In college, while playing a game where we had to suggest one another's "secret talents", some friends decided that mine was definitely "taking things too far"--and this is true! It's not that I don't have a verbal filter, but it seems to get toned down in social situations. I'm highly likely to put my foot in my mouth or tell a joke and only afterwards realize that the people I'm with may not share my sense of humor--like at my work Christmas dinner when I was waiting at the bar to be served and told my colleague, who I'd only met once before that night, that I just needed to "take my tits out" to get served sooner (my exact words). Only once I'd spoken did I realize I wasn't sure if he knew me well enough to realize it was a joke, and had to quickly clarify (luckily, he'd caught on). As a teenager, I was so conscious of my "awkwardness" and always afraid to say or do the wrong thing. I would spend hours replaying those moments I could have done differently, moments which, in reality, the other parties involved would probably barely remember (yet I can still remember them now). But now, I embrace the fact that "taking things too far", or letting go of my verbal censor, is a part of me--and laugh along with everyone else in these moments without any embarrassment.
I like cake.
I used to use this fact--well, the opposite of it, "I don't like cake"--any time I had to do one of those "two truths and a lie" icebreakers--and it was one of my truths. Those days are no more! I think my family is still probably adjusting to this one because I hated cake from my first birthday all the way up until my twenty-first. I don't know what changed my mind, really--I just remember trying a piece of cake at an event of some kind at college (because who turns down free food?) and actually liking it! I'm still a little picky about what kinds of cake I'll eat, but it's definitely a change!
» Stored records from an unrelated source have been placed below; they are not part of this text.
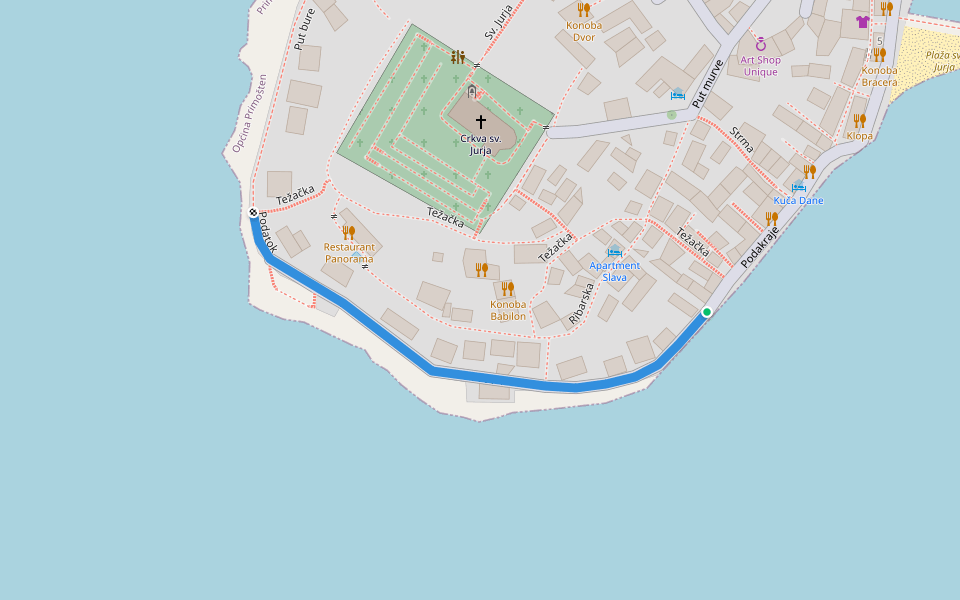 Podatok walking route map in Cetina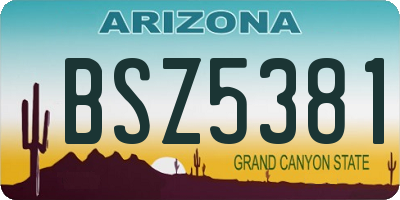 AZ license plate BSZ5381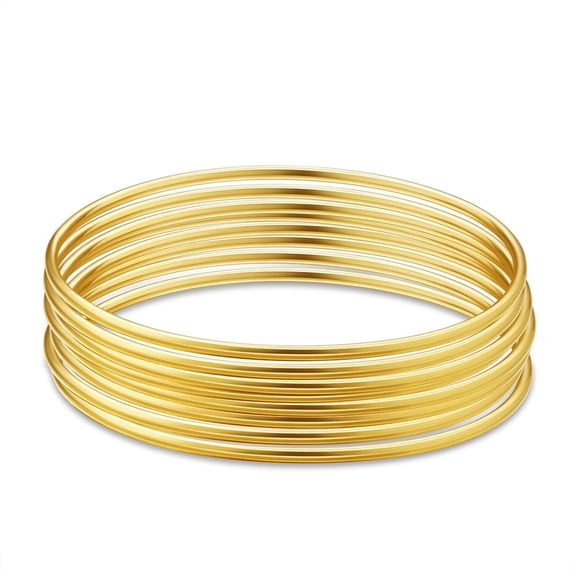 Brass Buddhist Bangle Sets Real 24K Gold Plated 2-1/2 inches(6.5cm) 8pcs/set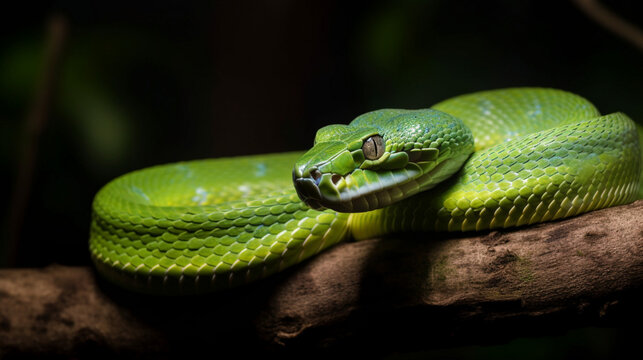 A green snake coiled around a branch Generative AI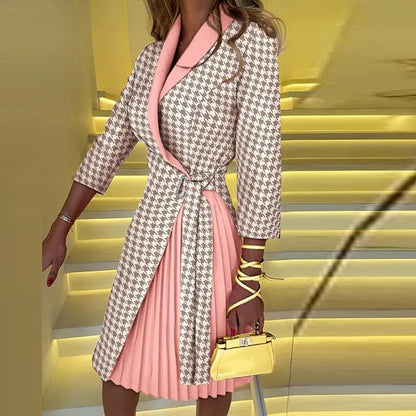 Women’s Wrap Dress Pleated Contrast Panel Midi Style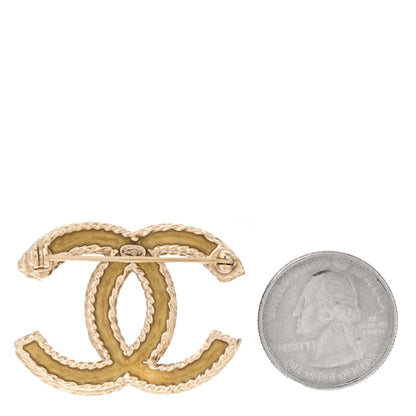 Chanel Crystal CC Brooch Pin Light Gold 2 of 4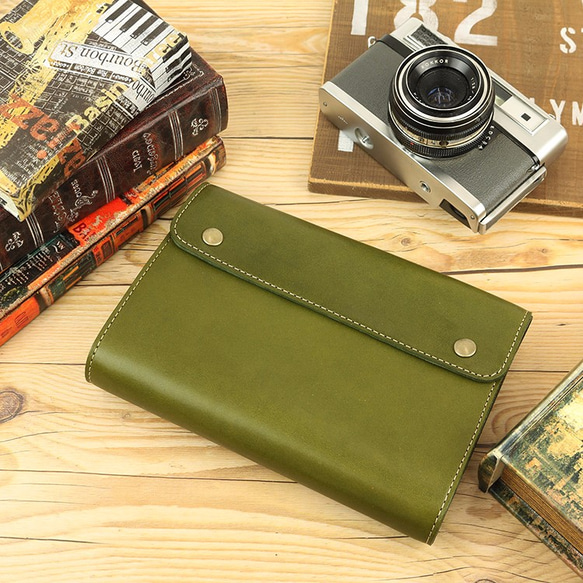 手帳カバー【かっちりレザー】  栃木レザー OLIVE NC3734 1枚目の画像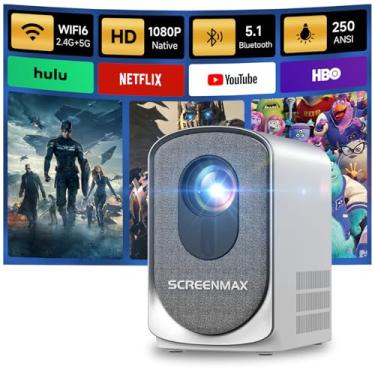 Imagem de [Foco elétrico] Mini projetor SCREENMAX C7 com WiFi e Bluetooth, 280 lúmens ANSI, compatível com 1080P, cinema portátil para uso externo e interno, tela de 81 a 350 cm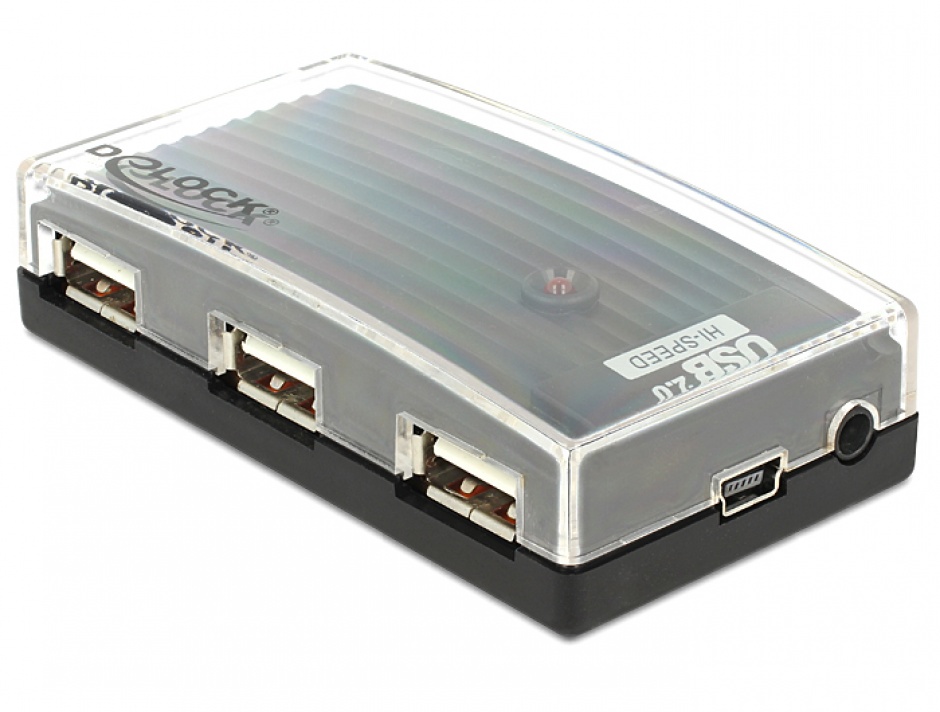 Imagine Hub USB 2.0 extern 4 Port + alimentare, Delock 61393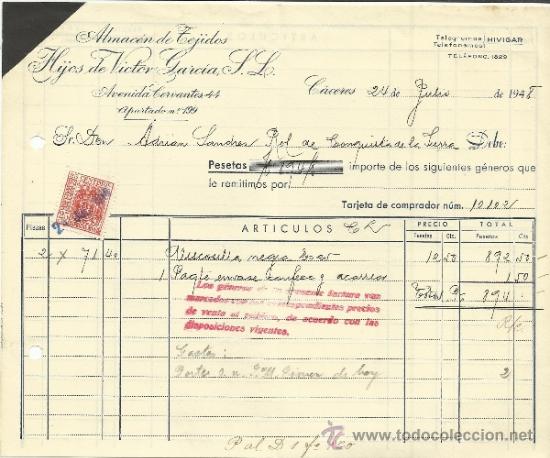 Alte Rechnungen: FACTURA DE HIJOS DE VICTOR GARC&Iacute;A S.L. ALMAC&Eacute;N DE TEJIDOS. C&Aacute;CERES. 1948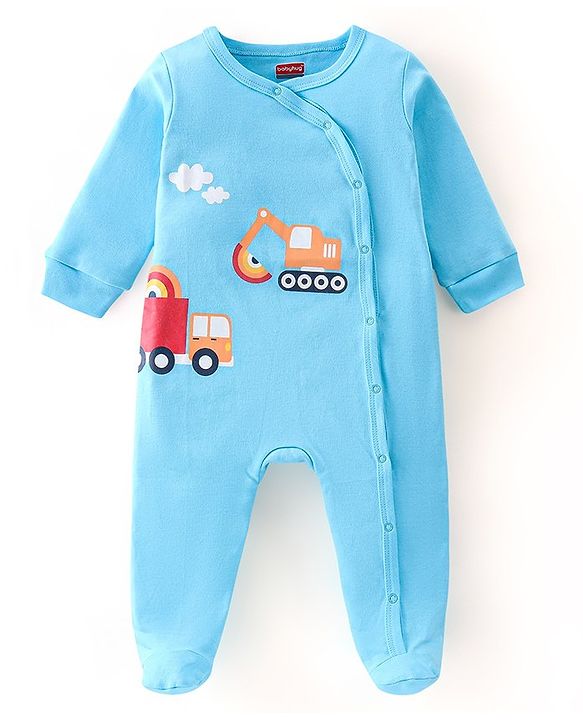 Babyhug Cotton Knit Full Sleeves JCB Printed Footed Sleep Suit - Blue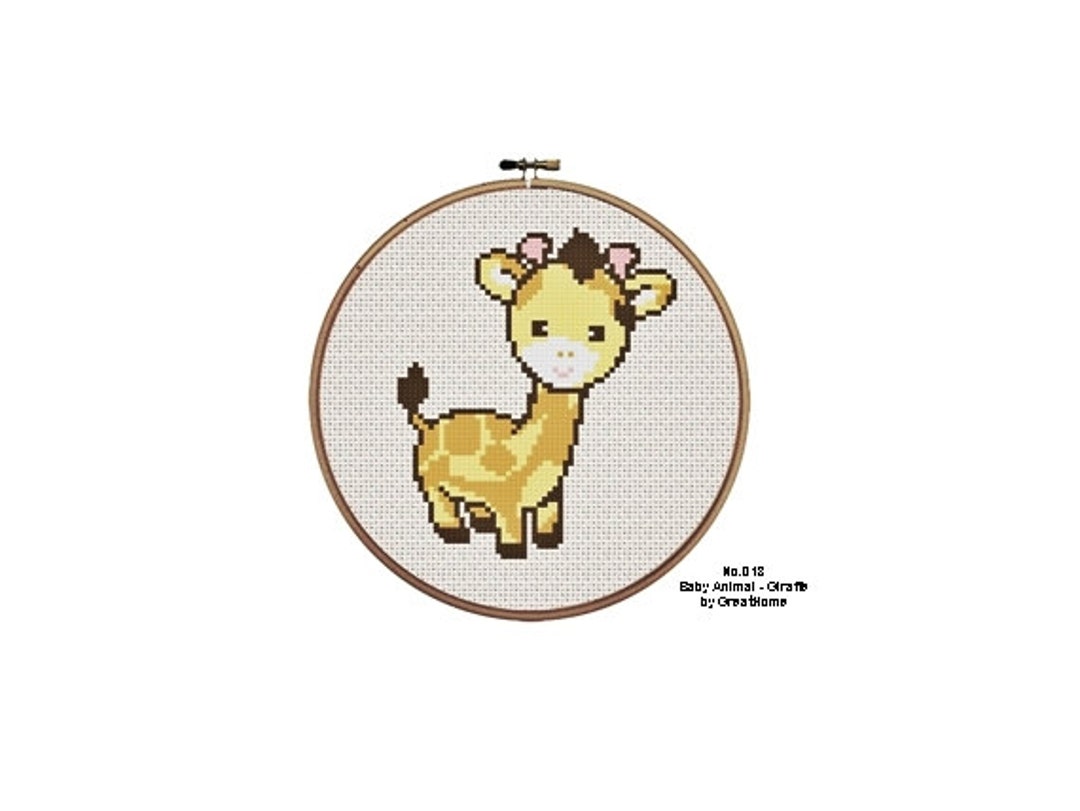 Baby Giraffe Cross Stitch PDF Pattern, C2C Crochet Graph, Instant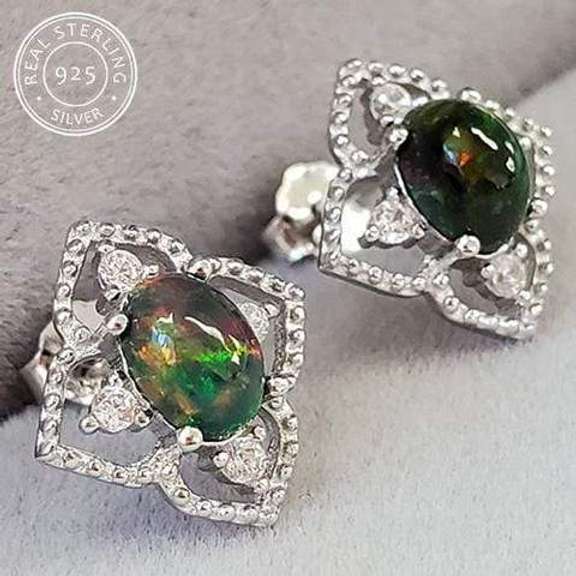 ETHIOPIAN BLACK OPAL & WHITE TOPAZ STERLING SILVER EARRINGS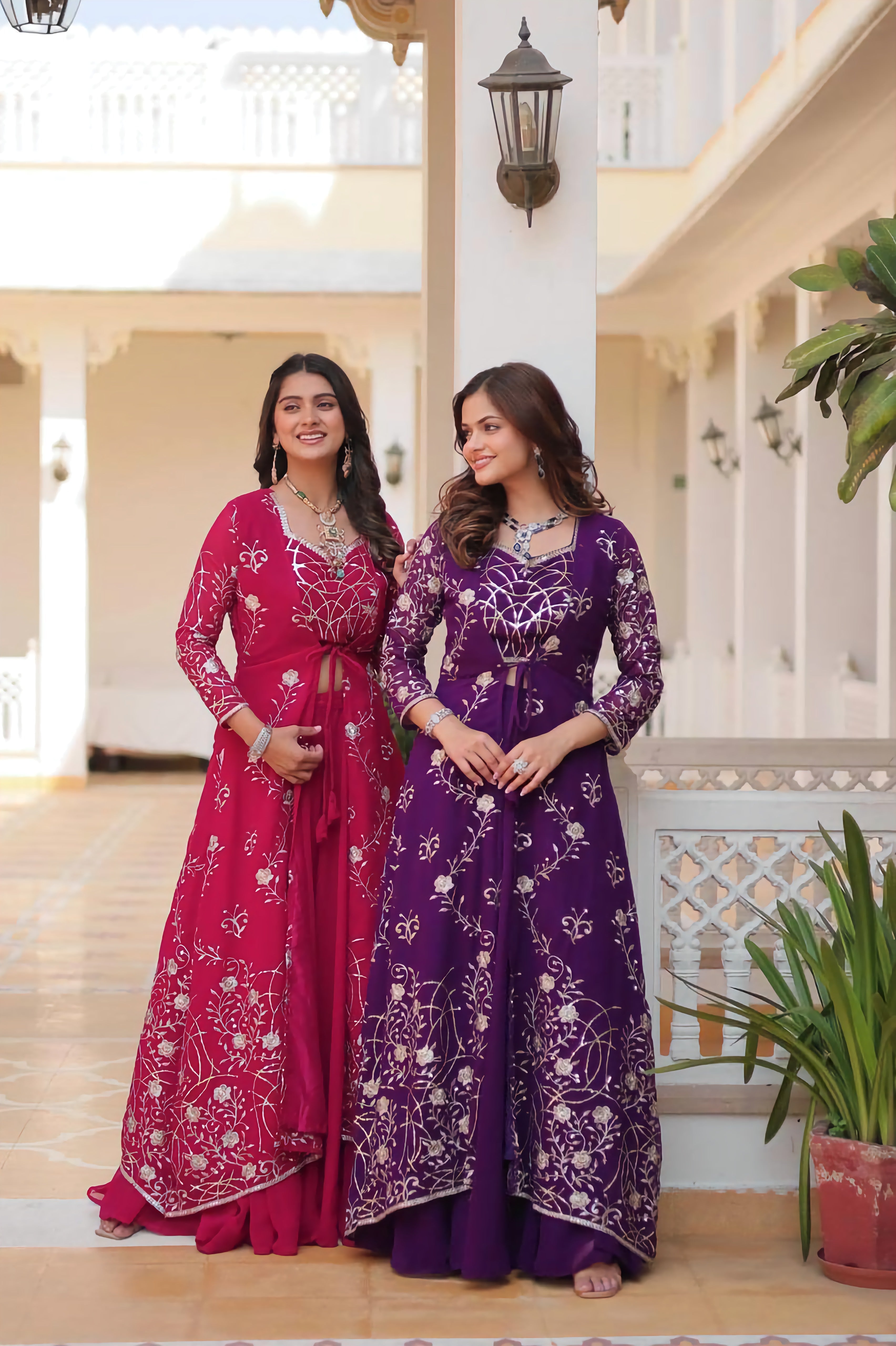 Georgette embroidered Aanshi designer shrug outfit set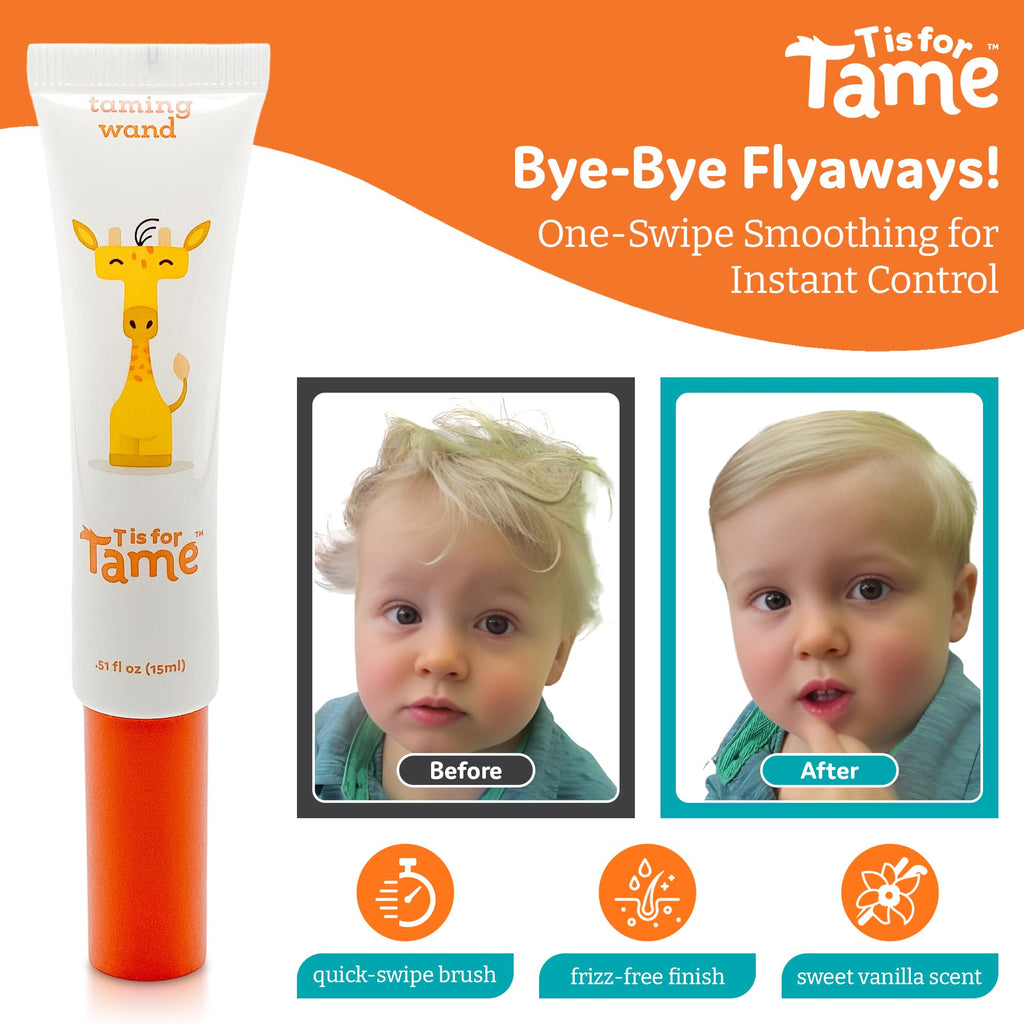 T is for Tame Kids' Hair Taming Cream & On-the-Go Flyaway Wand Bundle | Taming cream (3.38 fl oz) + taming wand (0.51 fl oz) w/ coconut & jojoba oil for bedhead & flyaways, made in the USA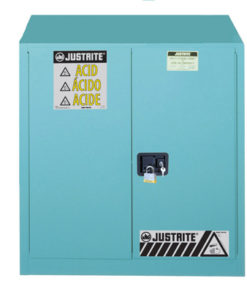 ChemCor&reg; Corrosives/Acids Safety Cabinet, Cap. 30 gallons, 1 shelf, 2 self-close doors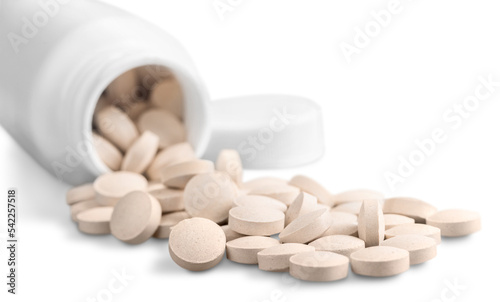 White Pill Bottle with Tablets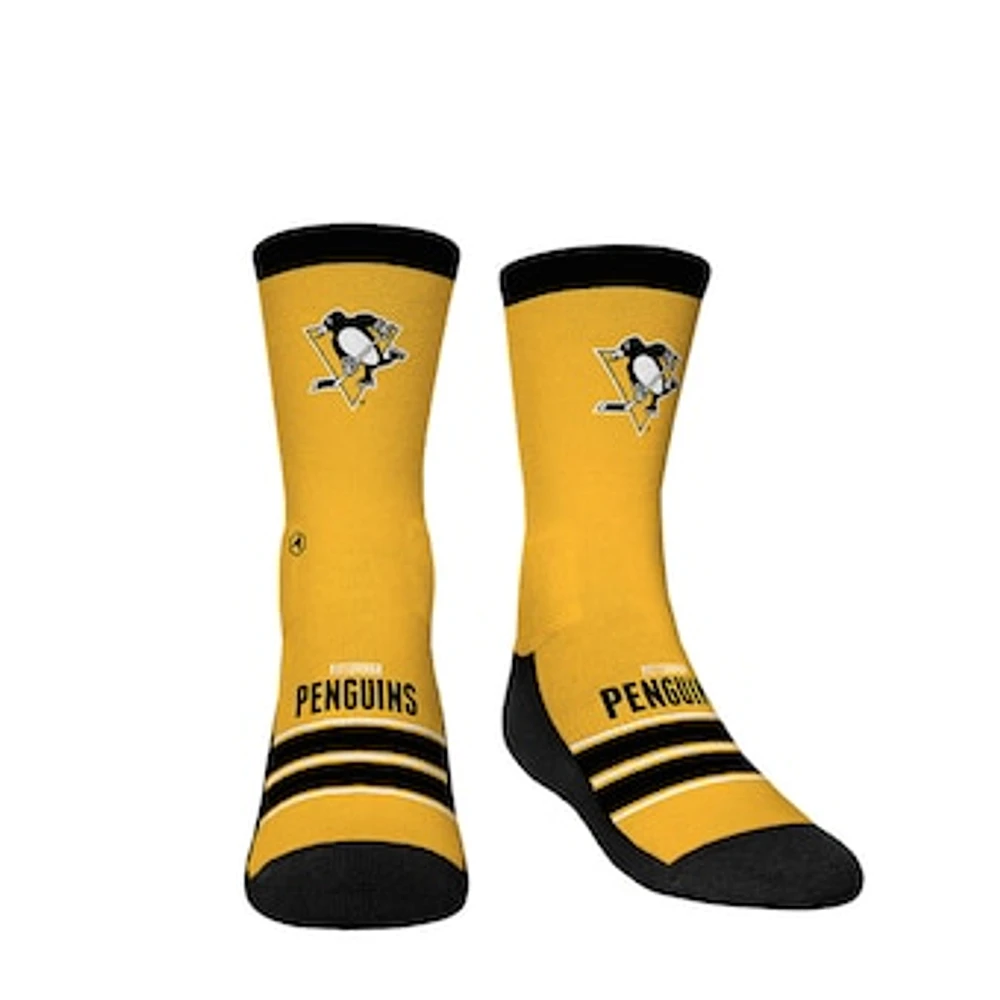 Youth Rock Em Socks Pittsburgh Penguins Gametime Stripe Crew Socks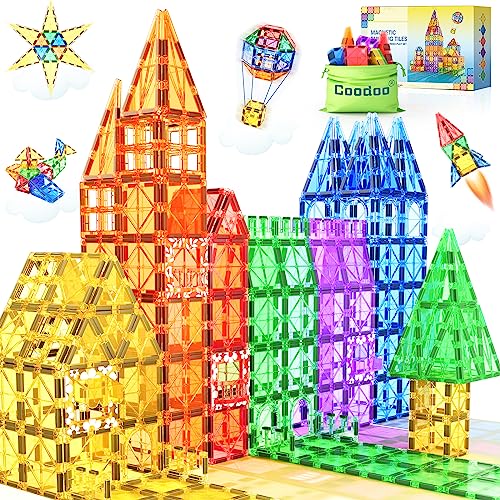 Magnetic-Building-Tiles-Kids-Toys-STEM-Magnetic-Blocks-Sensory-Toys-Kids-Games-Magnet-Building-Toys-for-Boys-and-Girls-Aged-3-Kids-Brain-Development-Preschool-Kindergarten-Toddler-Toys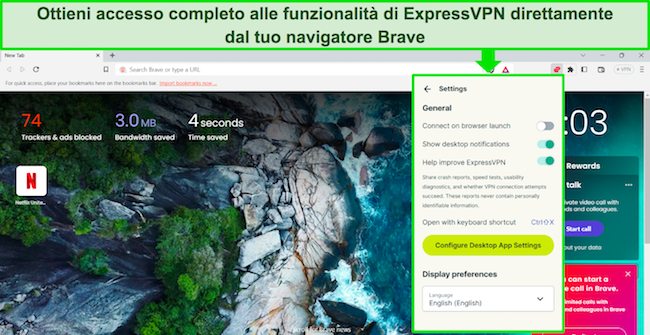 Immagine dell'estensione del browser di ExpressVPN utilizzata con il browser Brave.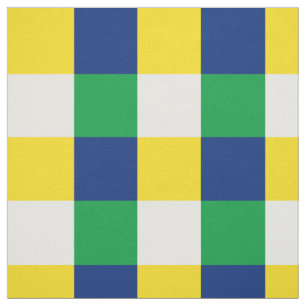 Green, blue, yellow and white checkerboard pattern fabric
I think if my fourteen-year-old self met me today, she'd be jealous. Not of the cake eating thing, but of seeing someone who wears her crazy curly hair as confidently as she laughs at her own "foot-meet-mouth" moments. And if I could meet my younger self, I wouldn't tell her anything about the future and I wouldn't try to tell her anything life-changing. I would just tell her, "If you like who you see in me, hang in there--you'll get there."